FIELD OF THE INVENTION
The present invention relates to the process of developing and maintaining the content of Internet search engine databases.
BACKGROUND OF THE INVENTION
An internet (including, but not limited to, the Internet, intranets, extranets and similar networks), is a network of computers, with each computer being identified by a unique address. The addresses are logically subdivided into domains or domain names (e.g. ibm.com, pbs.org, and oranda.net) which allow a user to reference the various addresses. A web, (including, but not limited to, the World Wide Web (WWW)) is a group of these computers accessible to each other via common communication protocols, or languages, including but not limited to Hypertext Transfer Protocol (HTTP). Resources on the computers in each domain are identified with unique addresses called Uniform Resource Locator (URL) addresses (e.g.http:// www.ibm.com/products/laptops.htm). A web site is any destination on a web. It can be an entire individual domain, multiple domains, or even a single URL.
Resources can be of many types. Resources with a “.htm” or.“html” URL suffix are text files, or pages, formatted in a specific manner called Hypertext Markup Language (HTML). HTML is a collection of tags used to mark blocks of text and assign meaning to them. A specialized computer application called a browser can decode the HTML files and display the information contained within. A hyperlink is a navigable reference in any resource to another resource on the internet.
An internet Search Engine is a web application consisting of
- 1. Programs which visit and index the web pages on the internet.
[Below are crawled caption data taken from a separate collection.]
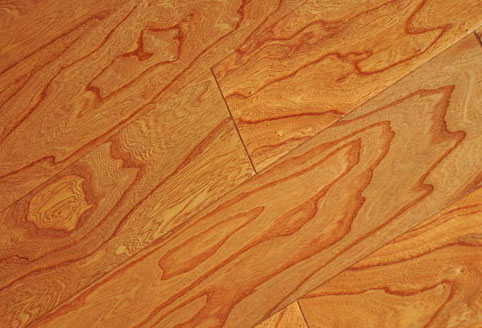 如何鉴别实木地板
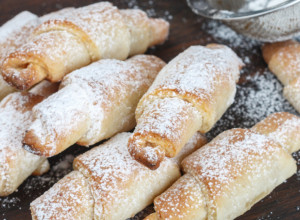 NE PEKU SE, A ODUŠEVIĆE VAS Recept za preukusne domaće kiflice koje svakoga ostave bez teksta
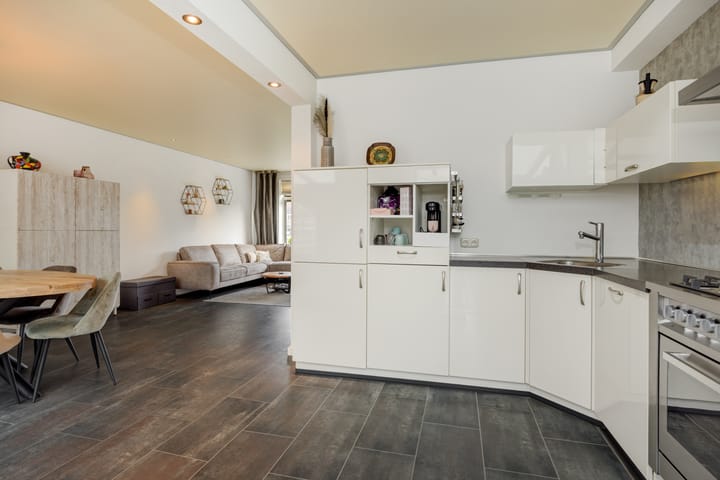 Photo 11 of Ortstraat 24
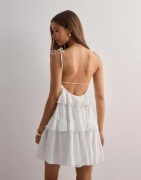 Nelly - Valkoinen - Volume Flounce Dress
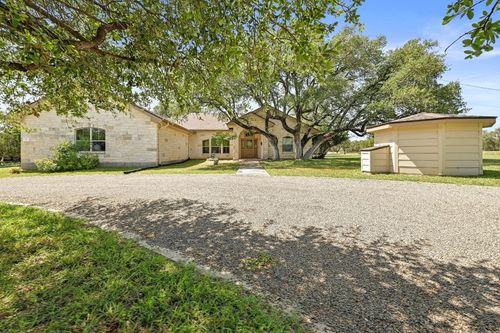 217 Circle Oaks Dr, Burnet, TX, 78611-3583 | Card Image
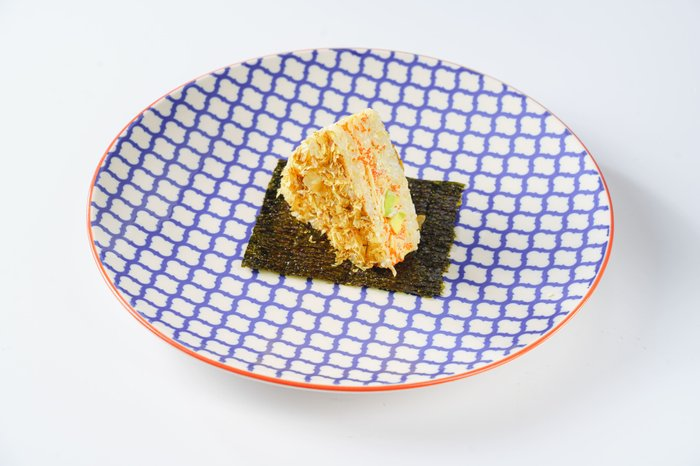 Онигири с крабом и креветкой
- 2. A database of pages that have been indexed
- 3. Mechanisms for a user to search the database of pages.
Agents are programs that can travel over the internet and access remote resources. The internet search engine uses agent programs called Spiders, Robots, or Worms, among other names, to inspect the text of resources on web sites. Navigable references to other web resources contained in a resource are called hyperlinks. The agents can follow these hyperlinks to other resources. The process of following hyperlinks to other resources, which are then indexed, and following the hyperlinks contained within the new resource, is called spidering.
The main purpose of an internet search engine is to provide users the ability to query the database of internet content to find content that is relevant to them. A user can visit the search engine web site with a browser and enter a query into a form (or page), including but not limited to an HTML form, provided for the task. The query may be in several different forms, but most common are words, phrases, or questions. The query data is sent to the search engine through a standard interface, including but not limited to the Common Gateway Interface (CGI). The CGI is a means of passing data between a client, a computer requesting data or processing and a program or script on a server, a computer providing data or processing. The combination of form and script is hereinafter referred to as a script application. The search engine will inspect its database for the URLs of resources most likely to relate to the submitted query. The list of URL results is returned to the user, with the format of the returned list varying from engine to engine. Usually it will consist of ten or more hyperlinks per search engine page, where each hyperlink is described and ranked for relevance by the search engine by means of various information such as the title, summary, language, and age of the resource. The returned hyperlinks are typically sorted by relevance, with the highest rated resources near the top of the list.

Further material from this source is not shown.